Wednesday, March 01, 2006

Wow

New Sysiphus is one of my guys. He's one who writes things I almost always can answer with a "ditto." As a veteran of the Foreign Service Office, he's especially tapped in to American global policies. He's more devoutly conservative than I am, and an uncompromising believer in the universality of Western freedoms. He's one of the bloggers I've had on my roll even before I joined the Watcher's Council, where he holds a chair.

On Monday, he published The Breach. It's one of the most powerful indictments of the Bush Administration I've ever seen. Not just for the writing, which is sufficiently potent, but because of the moral authority -- if you will -- of the writer.

He begins with the President's own words, in the two key speeches Bush made that form the core of what has come to be called the "Bush Doctrine." Like New Sisyphus, I fully subscribe to the idealism and high purpose and humanity of that doctrine. New Sisyphus then writes a history of American policies and campaigns in the war on terror that opened on Sept. 11, 2001. And he comes to a conclusion:

Along the way, the President has not advanced the American issue in a direct, forthright way. Instead, his Administration has bumbled along, pretending we are at peace. The very real fact of a very real war is not even discernable among the American population at large. No sacrifices are asked, not even doing without "American Idol." No mobilization has been ordered. Life goes on as before, creating a severe and hurtful disorientation between those families who have lost sons and those who don't even know there is a war on.

This is not the War on Terror the President sold us on in 2001. Not even close. We are not serious and everyone knows this, especially our enemies. I look into the eyes of my sons and I know that I would rather die-I would rather die-than let them fight in a war to establish the Islamic Republic of Afghanistan or to hand power over to the crazy Shi'ites of Iraq.

The leading Iraqi political figure, the Grand Ayatollah al-Sistani, has on his website instructions for how to determine what is unclean and what is clean. Among his definitions of "unclean" are things like shit, entrails of animals and, oh yes, the dead bodies of infidel soldiers.

Our policy is to die for a man and a people who literally think the dead bodies of our soldiers are literally shit.

That is our policy.


There are little quibbles I could make with his minor points. But they do not affect the thumping force of his statements. He concludes with:

I cannot support President Bush any longer. Can you?

I agree with N.S. about the infuriation of seeing the same president say the right words in his official addresses, then do all the wrong things when it comes to implementing them. I agree with him that the mound of evidence that this administration doesn't care, or doesn't care enough, about the expressed ideals of the Bush Doctrine, is too high to dismiss.

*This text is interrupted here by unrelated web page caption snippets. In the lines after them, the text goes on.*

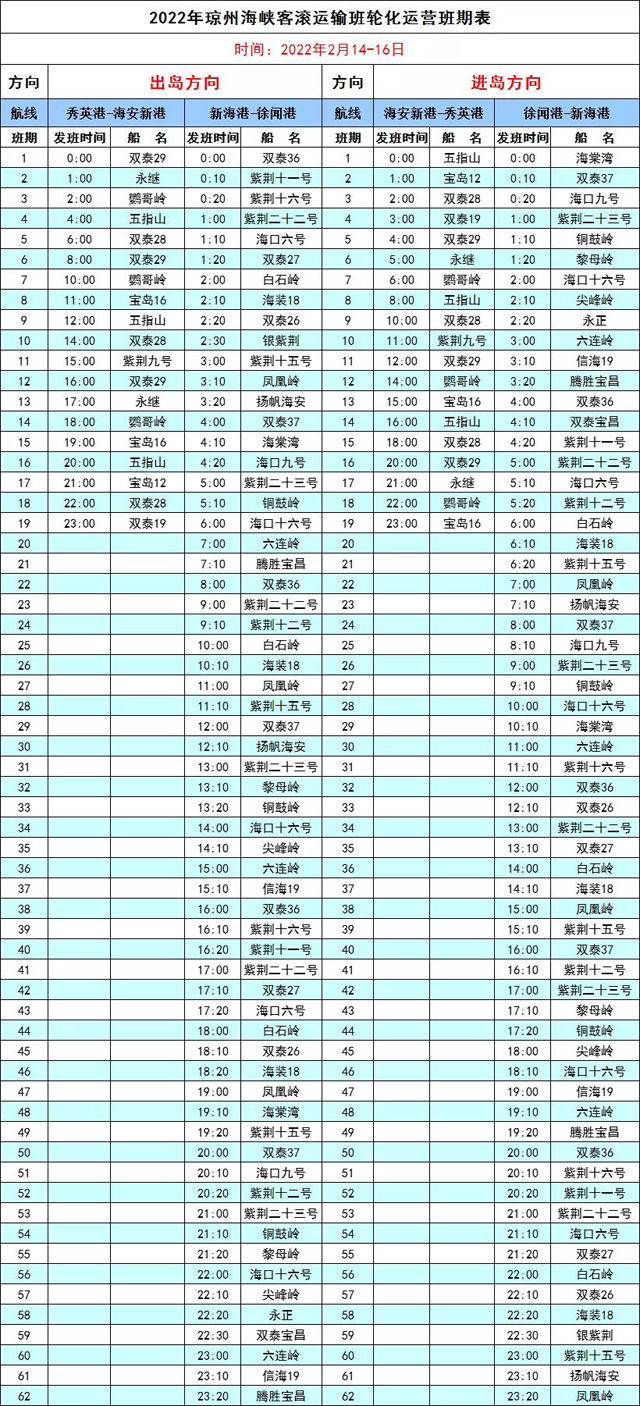 2022��2��14��-16�շݭ��ݺ��{݆�ɕr�̱�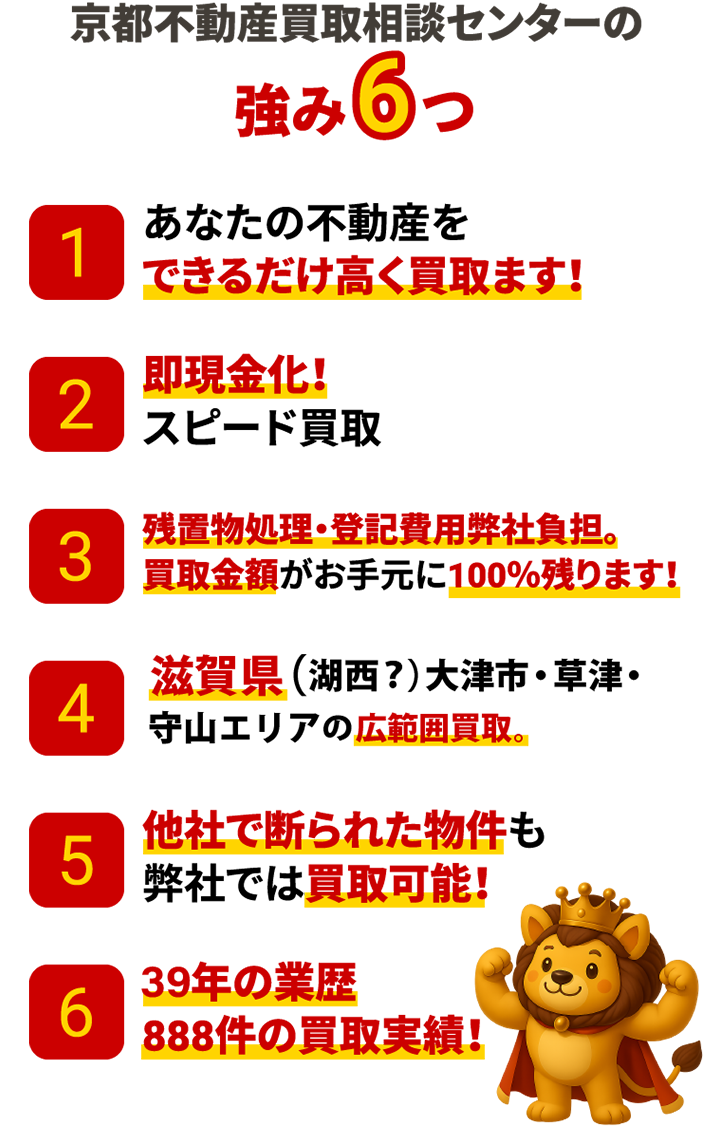京都不動産買取相談センターの強み6つ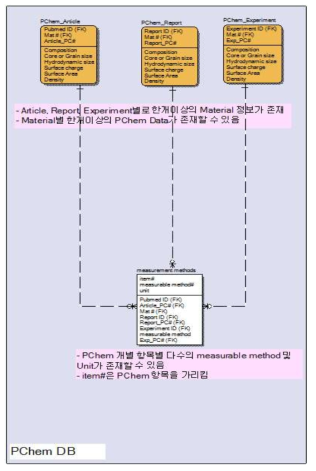 PChem DB Entity Relation Diagram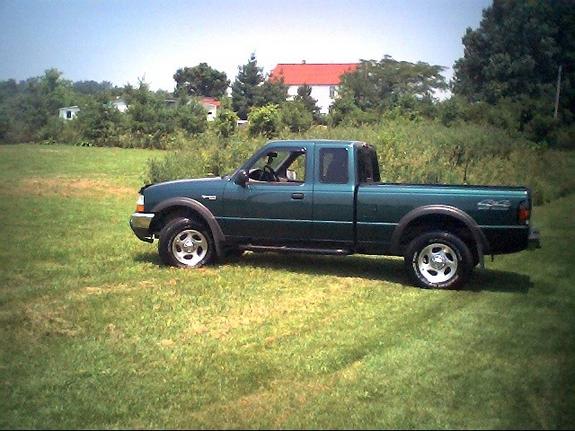 Ford Ranger Green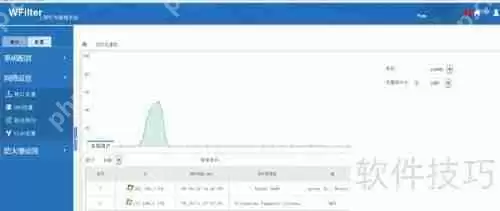 中小企业上网行为管理解决方案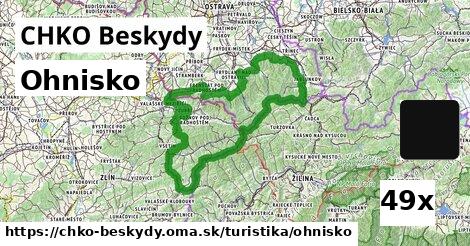 Ohnisko, CHKO Beskydy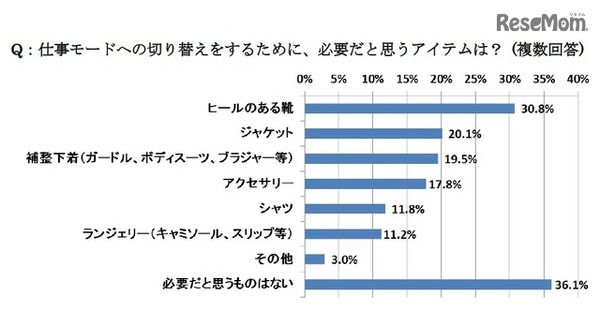 仕事モードへの切り替えをするために、必要だと思うアイテムは？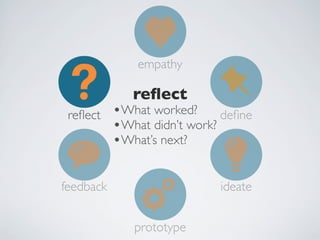 Introduction to Design Thinking | PDF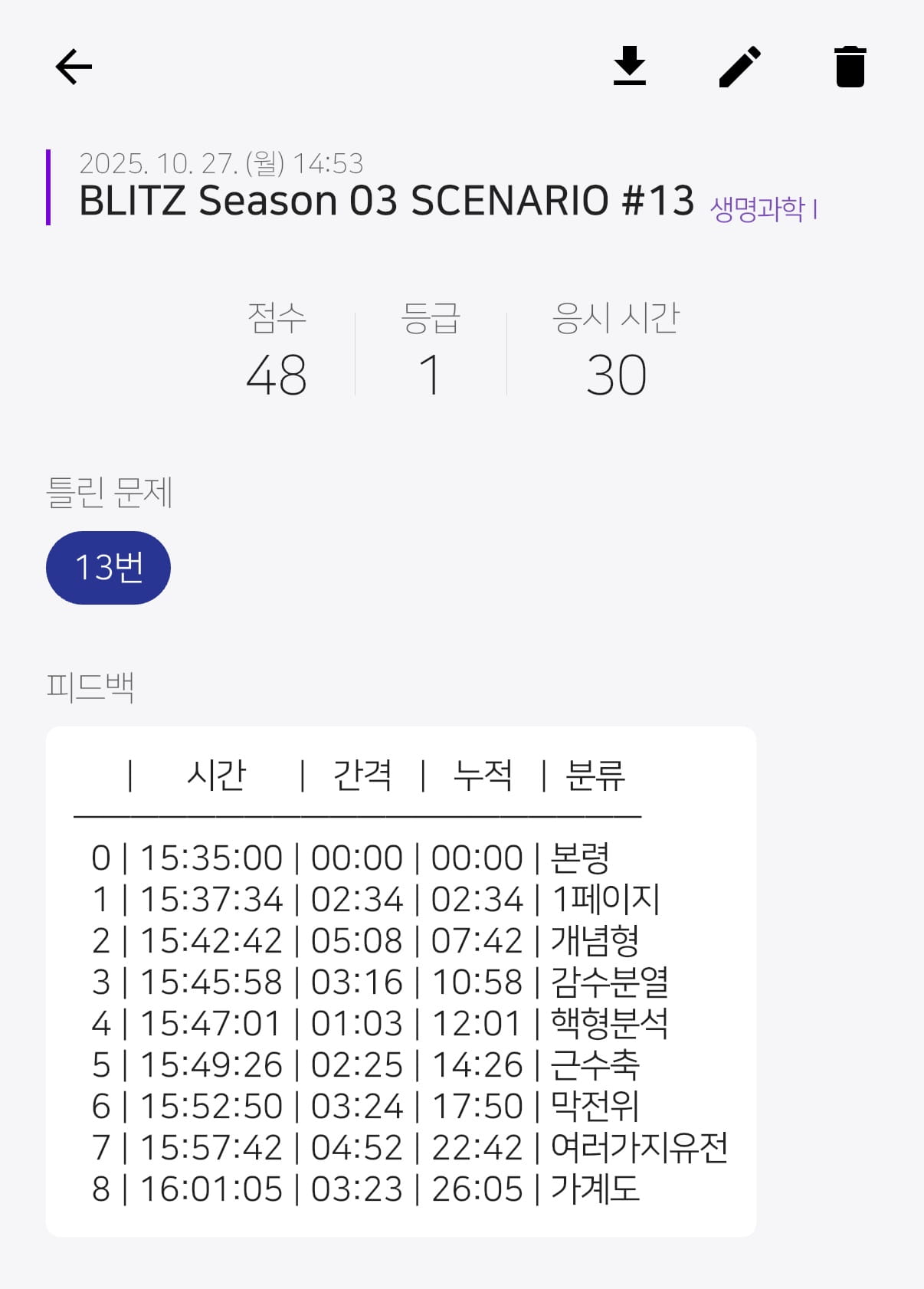 랩타임 기록 예시 2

I've said for a long time that the problem wasn't that there were too many neo-cons in the administration -- as the opposition says -- but that there weren't enough of them. The neo-cons had a vision. But it was left to be implemented by old-school Kissinger-ish realists like Condi Rice and Don Rumsfeld. And Bush? He's a CEO, not a visionary. The neo-con ideas were like a management model to him; something he could pick and choose from to cobble together his policies. The rhetoric was useful because it held certain players in place long enough, but I don't believe any more he feels any commitment to it.

If I ever did. I thought in 2000 he was about the worst major party presidential candidate I'd ever seen. The calculus of the post-9/11 world and the suicidal fixations of the anyone-but-Bush faction backed me into voting in 2004 for the same man I held in contempt in 2000. I supported him against the BDS lunacy. But on his own, it's like rooting for my old college football team. You knew they were going to fumble on every possession. But they were the home team.

But what does it mean to "support" a lame-duck president in his second term? Where are you going to take your support if you withdraw it? My thoughts are, if we can get through to 2008 in one piece, we get another chance to put someone at the top who has an honest foreign policy vision and a commitment to American virtues and a firmness in purpose in advancing them, and a willingness to make the sacrifices that will bring out the spirit of this people.

I don't support Bush. I don't oppose him. Mostly I ignore him. And wait for the next chance. Iraq always was, for me, a long-term gamble. I said before it started, "20 years till we know if it's a good idea." The outcome will be nothing we intended at the start; unintended consequences will rule, but it seemed to me, and still seems to me, that the chance of those consequences being to the benefit of Iraqis, Americans, and the world in general remain good. In that context, I can wait out George W. Bush's feeble fading years.